GEORGE TOWN: Nicollette Fernandes of Guyana attributed her come-from-behind victory over former world champion Rachael Grinham of Australia in the 29th Women’s World Squash Championship 2013 to her animal instinct.
The unseeded Fernandes seemed to be heading out of the competition after losing the first two games 4-11, 6-11 to the 14th seed.
However, she staged a remarkable comeback to take the next three games 12-10, 11-8, 11-7 and set up a second round meeting with eighth seed Camille Serme of France.
“You guys might laugh at the reason behind my fightback. I felt I was too passive in the first two games and decided to bring out the lion in me. I wanted to growl back at Rachael and play as if I wanted the win more than her. I played like a lion in the final three games,” said Fernandes, who also growled at the media during her post-match interview.
“Having grown up playing squash with my brothers, I tend to treat my opponents as my brothers as an added motivation to beat them. In the next round, I want to think of Camille as my brother.”
Fernandes admitted that squash is not popular in her cricket-mad South American country Guyana.

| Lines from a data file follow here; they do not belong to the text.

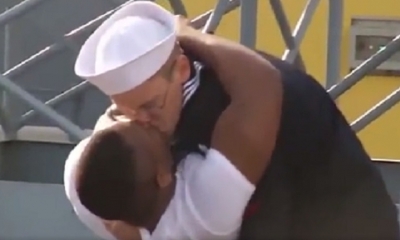 El beso de la pareja se viralizó/Foto. Captura de pantalla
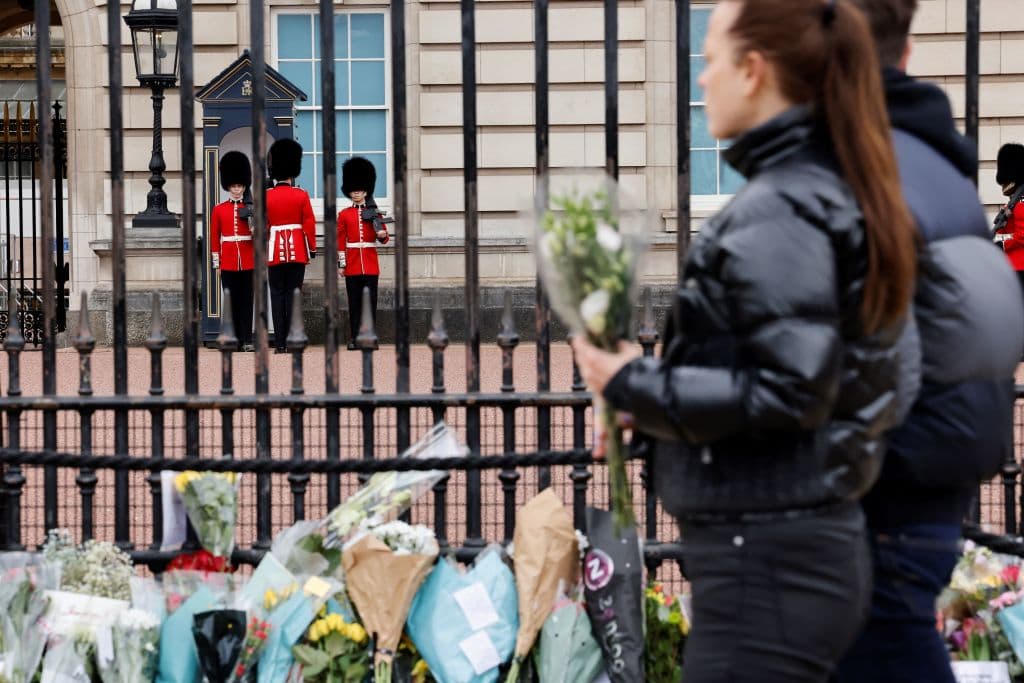 Tras la muerte del monarca este viernes se decretaron ocho días de duelo nacional antes de su funeral, que será más un evento ceremonial que un gran asunto de estado, en gran medida siguiendo la voluntad del fallecido y también en consonancia con las restricciones por la pandemia del coronavirus, por lo cual la Casa Real ha pedido al público que no haga concentraciones.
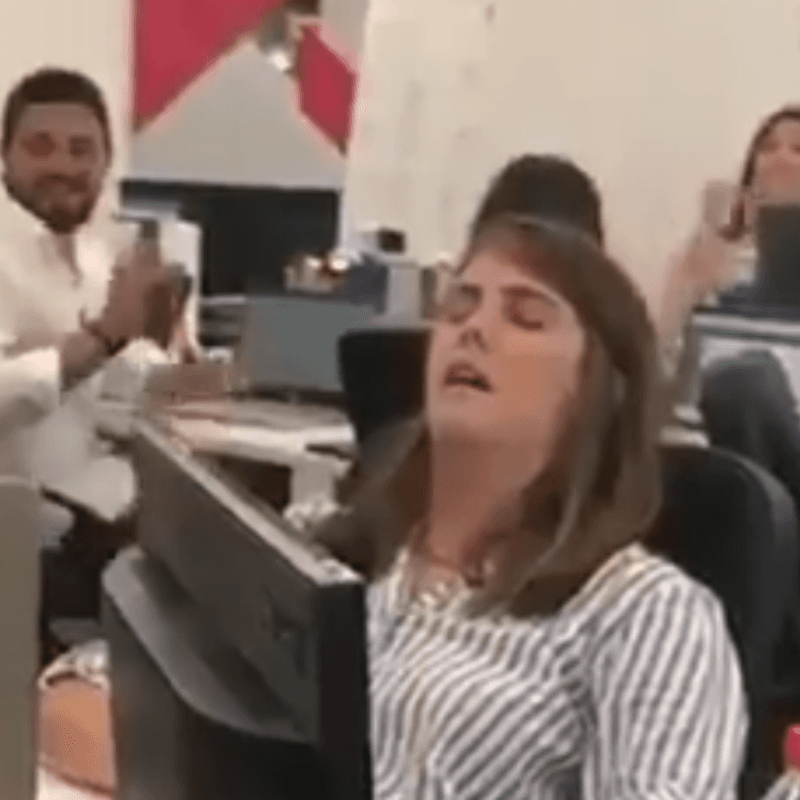 Video viral: ella se quedó dormida en el trabajo y sufrió el troleo de sus compañeros diabólicos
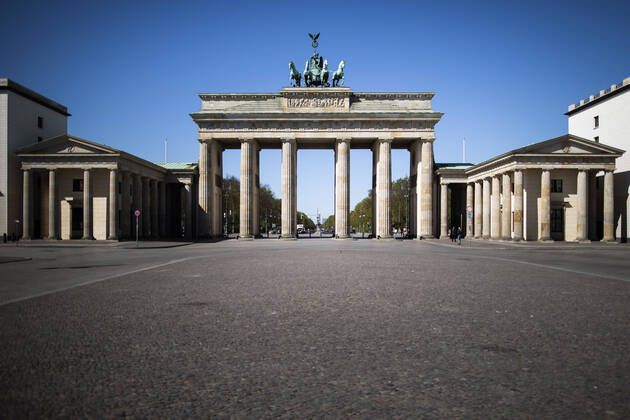 Der Pariser Platz und das Brandenburger Tor ohne Menschen, aufgenommen in Berlin, 20.04.2020. Aufgrund der Verbreitung des Coronaviruses gibt es deutschlandweit Kontaktbeschraenkungen. Berlin Deutschland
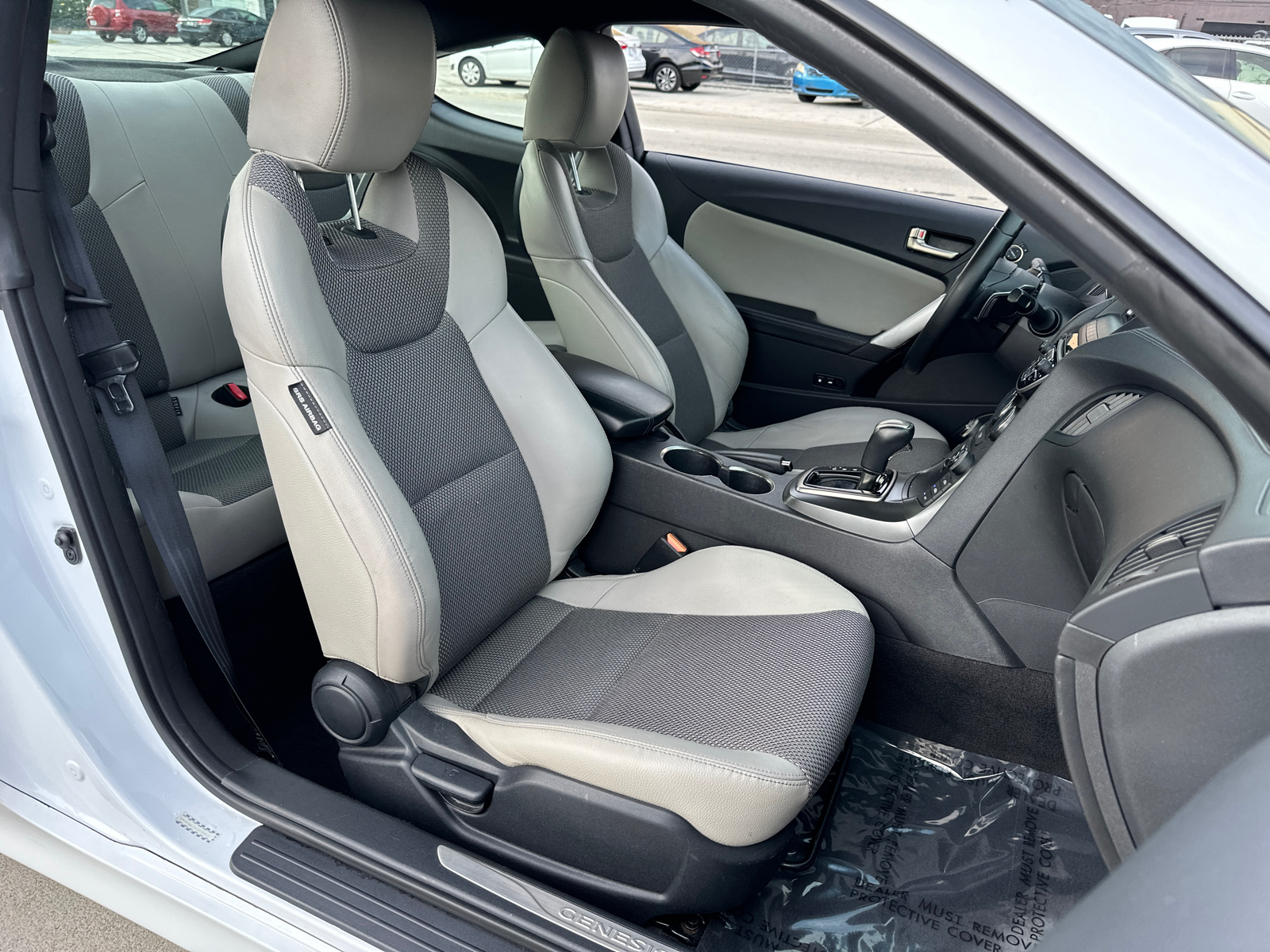 2016 Hyundai Genesis Coupe 3.8 29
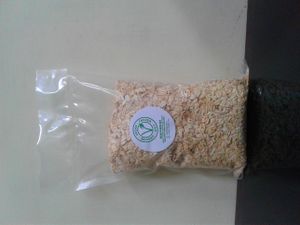 ROLLED OAT / OAT KASAR 500GR

Oats adalah jenis gandum-ganduman yang paling kaya nutrisi. Oats mengandung lebih banyak protein, karbohidrat, minyak (tidak jenuh 80% termasuk asam lenoleat) dibanding wheat. Oats sangat kaya fosfor, zat besi (lebih tinggi dari daging) dan vitamin B1. Nutrisi yang paling kaya di Oats adalah karbohidrat, dan kabrohidrat ini mudah diasimilasi dan diserap secara perlahan sehingga Oats memberikan energi yang cukup untuk beberapa jam.

Manfaat :
1. Menurunkan kolesterol.
2. Mengurangi masalah saraf karena oats memberikan nutrisi yang penting untuk fungsi yang benar dari neurons.
3. Baik untuk penderita insomnia.
4. Mengatasi masalah pencernaan.
5. Mengatasi masalah diabetes.
6. Mengatasi arteriosklerosis dan hipertensi.

Cara Pemakaian :
Dicampur dengan air panas atau susu kedelai. Untuk tekstur yang lebih lembut bisa dimasak dengan air atau susu kedelai. at Vegetarian Vegan Frozen Dry in Denpasar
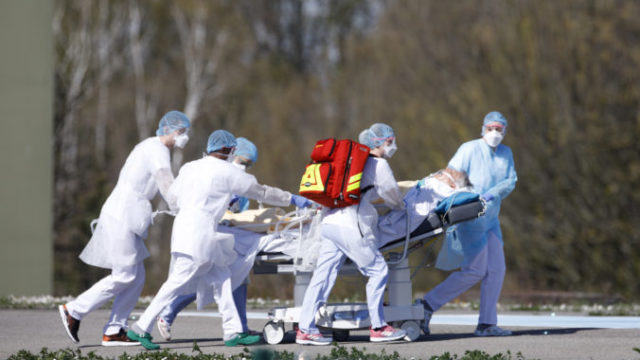 437747_virus_outbreak_eastern_france_86561 2b45cbd2725c424c986e32740d650b8b 676x448.jpg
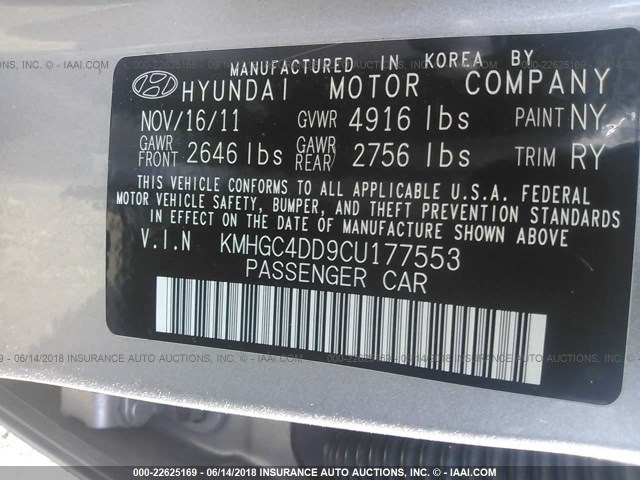 KMHGC4DD9CU177553 - 2012 HYUNDAI GENESIS 3.8L SILVER photo 9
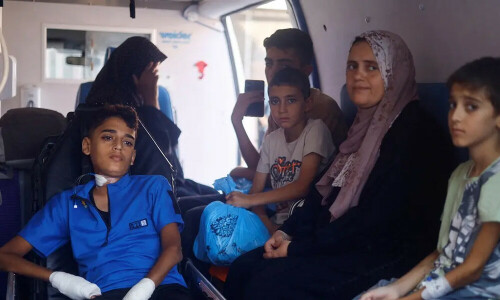 Gaza cancer patients enter Egypt via Israeli crossing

“There are probably only 70 people out of the 700,000 population in my country who play squash. Probably more will pick up the sport if I do well in the world meet, but the cricket lovers might get upset with me,” joked the world no. 20, who trains on and off in England.
Serme booked her spot in the last 16 after ending the fairytale run of 14-year-old Habiba Mohamed of Egypt 11-6, 12-10, 11-7 in her first round match.
Despite the straight games victory, the world No. 8 was made to work hard, especially in the second game when she saved two game points.
“For someone her age, Habiba is really a tough competitor and she is not afraid of taking on older players. I am sure that she will be one of the players to watch out for in the future,” said Serme.
“My highest ranking was No. 5 back in Decemeber and I want to return to the top five with a good performance in Penang. But every match is hard here and I am capable of beating anybody as well as being beaten by anybody.”
Also through to the second round from the top half of the draw are fourth and fifth seeds Alison Waters and Joelle King respectively.
Waters needed four games to see off India’s Joshna Chinappa and faces another tough encounter next against Egypt’s Nour El Sherbani. King had an easier 11-3, 11-5, 11-8 win over Wales’ Tesni Evans, but will face a sterner test against Egypt’s Omneya Abdel Kawy next.
Omneya, the 13th seed, defeated Nour El Tayeb 9-11, 11-8, 11-7, 11-7 in an all-Egyptian encounter.
The eight first round matches in the bottom half of the draw will be played on Wednesday.
The Star is the official media of the event.